Thermal and photochemical excitation of electron in photochemistry

Question

One of the basic rules of photochemistry is that the electronic configuration of a conjugated polyene does not change when excited thermally, but changes when photochemically excited, i.e. an electron moves from HOMO to LUMO.

Can anyone please explain this to me in terms of quantum mechanics?

I have done some calculations, which I am enclosing here.

(P.S.: Please do not provide explanation like thermal energy is very less to excite than photochemical, since it would imply that at very high temp (~1,00,00,000 C) the reaction is possible, which is not really the case).

Answer 1

But what you say in your last sentence is true, and not specific to polyenes; it is quite general. The energy of a visible photon at $500$ nm is $20000~ \pu{cm^{-1}}$ but at room temperature the average thermal energy is only $\approx 210 \pu{~cm^{-1}}$. The probability of a molecule with $20000~ \pu{cm^{-1}}$ of thermal energy is $\approx e^{-100} = 3.7\cdot 10^{-44}$ so small! Thus there in effectively zero chance that by thermal excitation an excited state at 500 nm will be produced. (By excited state I mean an electron is transferred from the HOMO orbital into the LUMO or another, higher, unoccupied orbital).

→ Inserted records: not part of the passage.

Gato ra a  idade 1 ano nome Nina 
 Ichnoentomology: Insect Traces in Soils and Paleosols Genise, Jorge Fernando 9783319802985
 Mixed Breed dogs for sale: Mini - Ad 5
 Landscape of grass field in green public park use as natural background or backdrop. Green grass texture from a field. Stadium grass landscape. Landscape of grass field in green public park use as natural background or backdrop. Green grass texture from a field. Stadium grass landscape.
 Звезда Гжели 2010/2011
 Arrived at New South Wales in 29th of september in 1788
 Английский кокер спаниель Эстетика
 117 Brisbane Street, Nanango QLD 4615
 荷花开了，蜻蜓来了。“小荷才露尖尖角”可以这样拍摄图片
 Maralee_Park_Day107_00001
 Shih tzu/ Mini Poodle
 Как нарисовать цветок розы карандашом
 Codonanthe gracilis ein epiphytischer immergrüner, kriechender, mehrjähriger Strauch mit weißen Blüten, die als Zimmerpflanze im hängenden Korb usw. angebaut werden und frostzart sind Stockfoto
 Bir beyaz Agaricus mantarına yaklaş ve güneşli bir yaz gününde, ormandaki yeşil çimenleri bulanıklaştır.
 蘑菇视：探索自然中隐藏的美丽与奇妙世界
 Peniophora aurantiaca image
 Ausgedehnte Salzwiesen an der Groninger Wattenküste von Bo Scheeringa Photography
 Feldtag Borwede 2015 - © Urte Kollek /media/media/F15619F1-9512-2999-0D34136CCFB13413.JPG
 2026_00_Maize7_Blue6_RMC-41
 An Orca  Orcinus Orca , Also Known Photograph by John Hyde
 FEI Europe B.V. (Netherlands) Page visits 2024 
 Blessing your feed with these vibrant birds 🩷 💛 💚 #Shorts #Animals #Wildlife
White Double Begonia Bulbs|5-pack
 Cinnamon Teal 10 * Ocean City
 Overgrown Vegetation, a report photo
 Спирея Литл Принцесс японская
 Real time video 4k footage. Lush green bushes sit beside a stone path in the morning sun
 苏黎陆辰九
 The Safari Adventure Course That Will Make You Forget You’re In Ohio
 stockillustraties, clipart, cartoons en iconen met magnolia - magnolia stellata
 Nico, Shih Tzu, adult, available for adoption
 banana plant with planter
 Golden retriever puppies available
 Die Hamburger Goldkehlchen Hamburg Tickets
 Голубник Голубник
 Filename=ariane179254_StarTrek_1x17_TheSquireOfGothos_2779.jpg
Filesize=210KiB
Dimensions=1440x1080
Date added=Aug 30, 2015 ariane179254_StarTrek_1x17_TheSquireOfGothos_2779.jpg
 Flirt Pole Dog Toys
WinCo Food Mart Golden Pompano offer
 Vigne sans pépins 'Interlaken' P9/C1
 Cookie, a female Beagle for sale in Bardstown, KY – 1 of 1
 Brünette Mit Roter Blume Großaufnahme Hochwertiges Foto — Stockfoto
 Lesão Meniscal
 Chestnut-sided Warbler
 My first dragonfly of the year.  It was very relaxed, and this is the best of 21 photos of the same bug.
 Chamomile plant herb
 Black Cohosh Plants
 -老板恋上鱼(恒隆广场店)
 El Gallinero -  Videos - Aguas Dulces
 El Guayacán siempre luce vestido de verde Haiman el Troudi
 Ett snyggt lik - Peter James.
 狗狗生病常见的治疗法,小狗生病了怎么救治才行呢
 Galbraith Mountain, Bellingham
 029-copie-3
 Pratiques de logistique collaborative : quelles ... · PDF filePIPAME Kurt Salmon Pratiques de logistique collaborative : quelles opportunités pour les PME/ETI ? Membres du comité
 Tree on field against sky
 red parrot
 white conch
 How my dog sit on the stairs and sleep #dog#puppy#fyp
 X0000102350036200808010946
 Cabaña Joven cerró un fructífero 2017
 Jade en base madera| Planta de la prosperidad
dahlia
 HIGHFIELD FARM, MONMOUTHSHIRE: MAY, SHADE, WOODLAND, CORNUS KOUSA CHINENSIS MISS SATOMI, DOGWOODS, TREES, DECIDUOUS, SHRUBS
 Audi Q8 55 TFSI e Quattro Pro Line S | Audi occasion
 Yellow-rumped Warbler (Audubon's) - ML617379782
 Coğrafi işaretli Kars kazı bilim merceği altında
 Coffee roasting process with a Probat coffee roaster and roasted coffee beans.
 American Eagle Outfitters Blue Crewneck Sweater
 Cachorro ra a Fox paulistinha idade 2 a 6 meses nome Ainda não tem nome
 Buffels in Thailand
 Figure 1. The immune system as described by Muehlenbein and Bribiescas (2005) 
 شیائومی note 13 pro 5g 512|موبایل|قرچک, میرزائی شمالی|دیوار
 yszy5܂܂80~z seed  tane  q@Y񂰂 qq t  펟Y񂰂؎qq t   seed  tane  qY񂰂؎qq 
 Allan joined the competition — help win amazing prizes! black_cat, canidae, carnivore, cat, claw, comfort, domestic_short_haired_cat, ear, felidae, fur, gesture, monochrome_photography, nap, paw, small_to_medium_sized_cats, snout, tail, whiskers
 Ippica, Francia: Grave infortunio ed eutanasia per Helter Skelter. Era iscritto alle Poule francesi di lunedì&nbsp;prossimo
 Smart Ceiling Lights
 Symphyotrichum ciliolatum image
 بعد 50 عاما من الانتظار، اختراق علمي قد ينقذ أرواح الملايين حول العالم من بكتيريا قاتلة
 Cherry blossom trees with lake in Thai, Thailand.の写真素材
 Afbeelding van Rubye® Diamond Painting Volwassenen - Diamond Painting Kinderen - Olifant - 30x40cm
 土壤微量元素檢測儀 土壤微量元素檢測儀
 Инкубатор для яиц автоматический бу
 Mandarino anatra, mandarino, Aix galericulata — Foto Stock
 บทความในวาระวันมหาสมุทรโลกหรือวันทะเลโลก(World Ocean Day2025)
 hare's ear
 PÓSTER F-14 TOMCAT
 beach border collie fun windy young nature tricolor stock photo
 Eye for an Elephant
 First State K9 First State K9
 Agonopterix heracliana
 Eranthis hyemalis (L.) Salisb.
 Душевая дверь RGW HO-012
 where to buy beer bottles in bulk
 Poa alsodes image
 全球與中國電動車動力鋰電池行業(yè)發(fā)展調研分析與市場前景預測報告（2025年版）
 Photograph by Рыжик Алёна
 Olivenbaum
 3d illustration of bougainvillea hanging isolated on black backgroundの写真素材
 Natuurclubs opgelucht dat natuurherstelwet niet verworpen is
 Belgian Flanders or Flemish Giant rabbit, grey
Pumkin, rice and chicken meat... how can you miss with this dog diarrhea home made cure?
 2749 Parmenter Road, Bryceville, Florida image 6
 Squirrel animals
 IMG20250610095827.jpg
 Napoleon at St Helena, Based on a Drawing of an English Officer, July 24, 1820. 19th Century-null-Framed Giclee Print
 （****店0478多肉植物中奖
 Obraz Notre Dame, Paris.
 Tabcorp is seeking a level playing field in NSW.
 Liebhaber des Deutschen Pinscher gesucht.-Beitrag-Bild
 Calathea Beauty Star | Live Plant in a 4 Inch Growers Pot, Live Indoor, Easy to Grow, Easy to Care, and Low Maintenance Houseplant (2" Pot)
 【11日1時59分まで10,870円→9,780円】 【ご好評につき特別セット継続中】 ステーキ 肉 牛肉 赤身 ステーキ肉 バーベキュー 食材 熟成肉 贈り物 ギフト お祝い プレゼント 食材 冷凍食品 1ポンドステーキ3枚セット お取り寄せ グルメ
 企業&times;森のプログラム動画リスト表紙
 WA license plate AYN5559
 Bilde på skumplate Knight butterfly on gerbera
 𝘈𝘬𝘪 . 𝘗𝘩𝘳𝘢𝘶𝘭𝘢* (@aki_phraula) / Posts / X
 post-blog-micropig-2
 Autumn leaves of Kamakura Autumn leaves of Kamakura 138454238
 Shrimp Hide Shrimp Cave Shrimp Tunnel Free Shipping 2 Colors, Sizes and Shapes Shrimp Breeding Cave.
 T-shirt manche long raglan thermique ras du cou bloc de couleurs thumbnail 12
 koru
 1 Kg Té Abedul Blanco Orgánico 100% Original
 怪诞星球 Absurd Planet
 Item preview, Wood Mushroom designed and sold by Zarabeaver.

In your calculation you cannot use $C_V\Delta T$ as its not an operator but in a collision transferring energy there has to be an operator so you cannot just remove it from the integral. The properties of the operator determine the selection rules for transitions.

It is possible by collisions between molecules to move up and down in energy, but because thermal energy is small usually this normally involves vibrational and rotational levels. (The effect is immediately obvious by cooling or heating samples in the appearance of hot bands and in relative rotational line intensities.) If there are very low lying electronic states then I can see no reason why these also could not be excited thermally.